The McGowan Government has provided $5 million to Guide Dogs WA to assist the organisation to set up a world-class guide and assistance dog breeding program in Western Australia.
This initiative was a McGowan Government election commitment and will help Guide Dogs WA meet the growing demand for assistance dogs in Western Australia.
This includes specialised autism assistance dogs and therapy dogs, dementia dogs and PTSD (post-traumatic stress disorder) dogs.
The funding will assist Guide Dogs WA to establish a number of breeding locations across the State and will cover:
- fit-out of breeding centres;
- specialised staffing costs;
- increasing the fleet of fit-for-purpose vehicles; and
- specialised whelping and puppy equipment.
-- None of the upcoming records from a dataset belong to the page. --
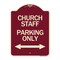 Signmission Church Staff Parking W/ Bidirectional Arrow Heavy-Gauge Aluminum Sign, 24" x 18", BU-1824-24260 A-DES-BU-1824-24260 - alternate 1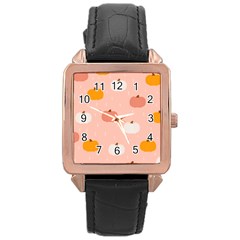 Pumpkin Pattern Halloween 20240926 160345 0000 Rose Gold Leather Watch  by Safari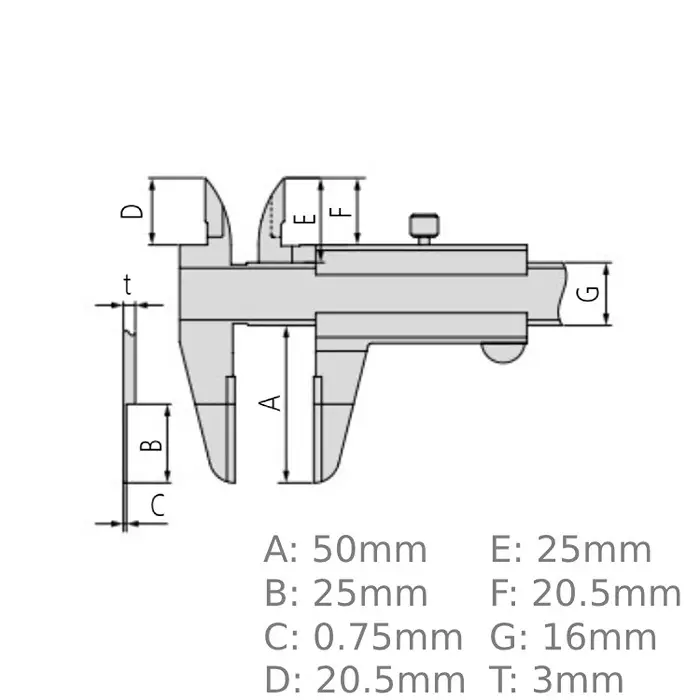 Mitutoyo Vernier Caliper 0-200 mm Range ±0.05 mm Accuracy, 536-135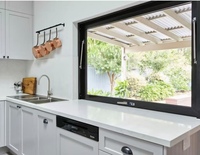 Fenêtres à persiennes modernes en aluminium à double vitrage 6063-T6, à rupture de pont thermique, avec protection UV, auvent réglable et puits de lumière.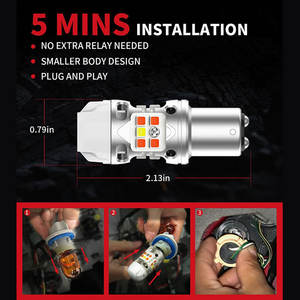 Luz de señal de giro del coche bombilla de freno LED 3030 20SMD BAY15D P21/5W 2057 1157 1156 Canbus lámpara trasera de marcha atrás DRL accesorios de coche - Product Image 6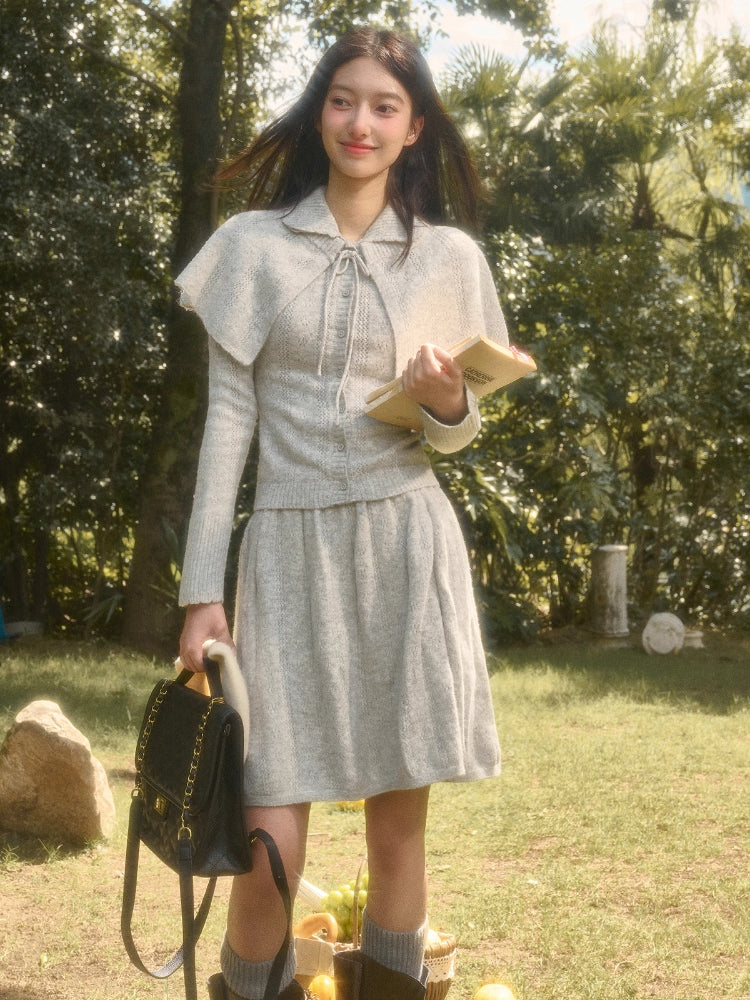 Snow Library Wool Knit Cape Cardigan & Skirt Set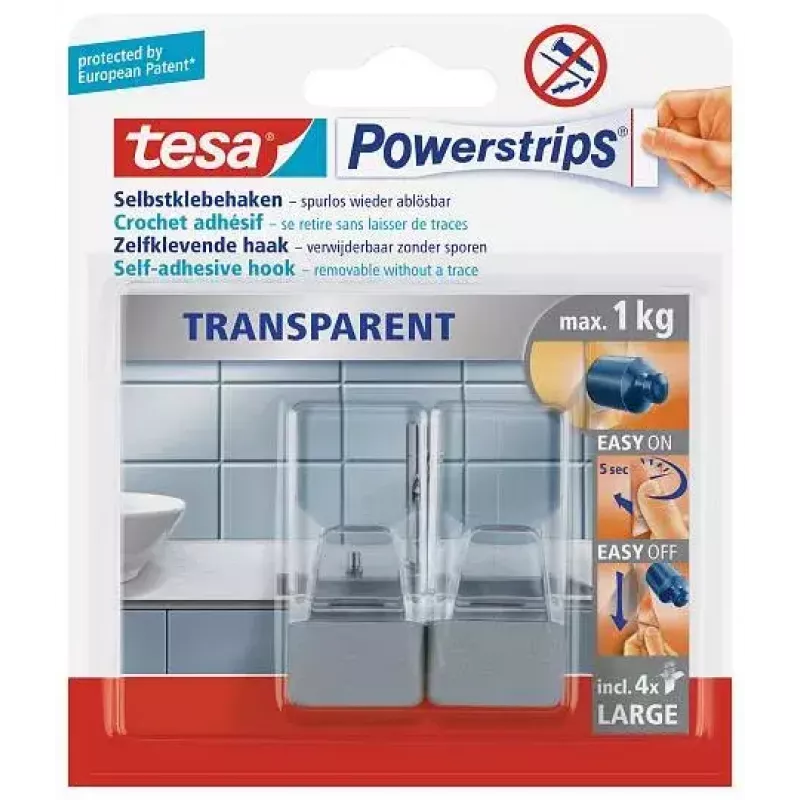 Dvieļu āķis TESA 58812 iekštelpām, caurspīdīgs, 2 gab.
The funding will also allow Guide Dogs WA to re-establish its cadet training program, to increase the number of local, highly qualified dog trainers in the State.
Having more dog trainers will be critical to meet the increased number of assistance dogs coming out of the breeding program and match the dogs to individuals and organisations in need.
Guide Dogs WA will also commit $5 million towards the program, raised through bequests and donations.
As stated by Premier Mark McGowan:
“In the lead up to the election we made a commitment to Guide Dogs WA that we would provide $5 million to assist them in establishing a world-class breeding program for assistance dogs, right here in Western Australia.
“There is a growing need for assistance dogs and guide dogs in the WA community, and helping Guide Dogs WA establish a world-class breeding facility locally will go a long way to addressing that need.
“Guide Dogs WA has also cited a lack of specialised programs to equip the next generation of guide dog trainers, so establishing a cadet training program here in WA will help address that, while creating local jobs.”
As stated by Local Government Minister John Carey:
“Guide dogs and assistance dogs make life-changing differences for people with low-vision, disabilities and other illnesses.
“This $5 million in funding means WA will be able to address our growing need for more guide dogs and assistance dogs locally, rather than sourcing dogs and trainers from interstate or overseas.
“This significant funding will make a lasting difference to the lives of people who experience visual impairment, autism, dementia, and post-traumatic stress disorder.”